DSC09185 Tank date of 10/18/93. Original tank. Does Joyce have any reservations about the age of the tank, seeing that it is not coated?
8” deck plate over top of the fuel cell has no gasket / O-ring in place to help keep it water tight. Salt water has gotten to the tank – at least on the top as seen in this photo and the next photo. Tank is now 25 years old – I would replace with poly tank after installing new access deck plate. At least the cockpit sole is designed to pull up middle section for replacing / accessing the fuel cell. I have read the ‘AVERAGE LIFE EXPECTANCY’ for a 5052 Aluminum Fuel Cell is only 15 years – that blows my mind! I just reviewed a couple of Chat Rooms for boat owners and see that another surveyor claims the Life Expectancy is anywhere from 6 months to 15 years – depends on installation such as a tank that is ‘foamed-in’, salt water exposure, etc.
DSC09187 Where is this in the boat? A piece of un-treated yellow pine? Looks like the aluminum under that stainless washer does not have much life left. And what is with the 2 boards over to the right? If they are something the owner tossed under there, that is ok. But the 2x4 looks like it was part of the original build. This is the L-Bracket for securing the fuel cell.

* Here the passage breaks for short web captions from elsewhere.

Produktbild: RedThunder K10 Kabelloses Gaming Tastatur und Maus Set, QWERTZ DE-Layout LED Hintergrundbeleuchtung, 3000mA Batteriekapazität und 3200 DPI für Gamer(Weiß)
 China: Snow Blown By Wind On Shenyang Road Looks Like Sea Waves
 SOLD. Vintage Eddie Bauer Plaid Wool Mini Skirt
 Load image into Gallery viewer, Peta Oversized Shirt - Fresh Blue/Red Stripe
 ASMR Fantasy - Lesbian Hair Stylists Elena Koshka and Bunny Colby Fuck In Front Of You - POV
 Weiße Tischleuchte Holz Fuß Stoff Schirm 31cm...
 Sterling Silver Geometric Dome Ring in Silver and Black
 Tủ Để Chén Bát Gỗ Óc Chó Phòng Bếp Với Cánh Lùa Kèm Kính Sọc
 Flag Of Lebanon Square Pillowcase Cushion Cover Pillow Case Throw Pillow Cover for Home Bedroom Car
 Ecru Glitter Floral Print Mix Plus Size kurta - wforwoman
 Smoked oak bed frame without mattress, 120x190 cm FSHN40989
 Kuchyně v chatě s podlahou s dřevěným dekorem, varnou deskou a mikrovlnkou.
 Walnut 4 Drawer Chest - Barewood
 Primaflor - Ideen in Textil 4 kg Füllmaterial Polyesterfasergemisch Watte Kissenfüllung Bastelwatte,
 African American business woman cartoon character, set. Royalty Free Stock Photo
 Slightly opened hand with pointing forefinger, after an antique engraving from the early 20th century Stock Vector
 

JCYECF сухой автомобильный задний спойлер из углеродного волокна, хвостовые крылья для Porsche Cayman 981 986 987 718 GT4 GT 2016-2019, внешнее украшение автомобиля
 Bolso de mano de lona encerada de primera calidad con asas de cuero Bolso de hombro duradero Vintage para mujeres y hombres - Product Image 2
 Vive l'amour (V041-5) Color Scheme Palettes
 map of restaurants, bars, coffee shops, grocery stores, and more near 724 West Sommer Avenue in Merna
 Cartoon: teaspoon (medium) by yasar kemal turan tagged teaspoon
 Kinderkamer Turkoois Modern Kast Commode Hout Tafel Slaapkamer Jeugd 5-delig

You are looking at the top of the fuel cell. Way to much pitting / corrosion, although it passed the mechanics pressure test – I fear it is doomed.
They should have Isolated the stainless steel bolt and fender washer when installed – rubber grommet would have help. You are right, they used a section of untreated 2 X 4 wood for bolting fuel tank in place. Coast Guard Standards state a fuel tank is not permitted to move more than 1/4” IN ANY DIRECTION. The one L-Bracket I could see is basically useless – I fear the tank will shift and / or bounce when boat is in a chop. I am not sure what those 2 boards laying directly on top of the tank are doing there? Might just be a platform for storage. Should not store anything on top of a fuel tank.
If you want to pull the tank, inspect and determine it is still serviceable after you’ve cleaned all surfaces – research this product for coating the tank: www.por15.com. It’s a hard paint used to coat surfaces you want to protect against rust / corrosion – it basically water proofs everything it touches. Just make sure it is OK to use over 5052 Aluminum. I’ve never used it.
Vice President of Sales
Kase Printing, Inc.
From: Dan Rogerson
Sent: Wednesday, January 24, 2018 9:56 PM
To: 'Mike R.'
Subject: RE: Two reinforcing struts? on port side of cuddy
They appear to be factory molded into the cabin liner from what I can see in the pictures. I can understand the one at the sink being used for plumbing and electrical, but cannot figure out what the forward one would be used for. Definitely molded in by factory when the boat was built. I refer to them as ‘KNEES’ and are designed to add additional strength to hull top sides. See them all the time in wooden boats.
See the attached document with my comments. Some of the stuff is just age, but some of those cracks, especially DSC09181, have me wondering if there was enough hull flexing to work on the liner. Depending on where this particular picture was located, there may be the possibility of the hull twisting…that is why I was wondering about the stringers in the messages earlier tonight…Accessible bulkheads and stringers were good.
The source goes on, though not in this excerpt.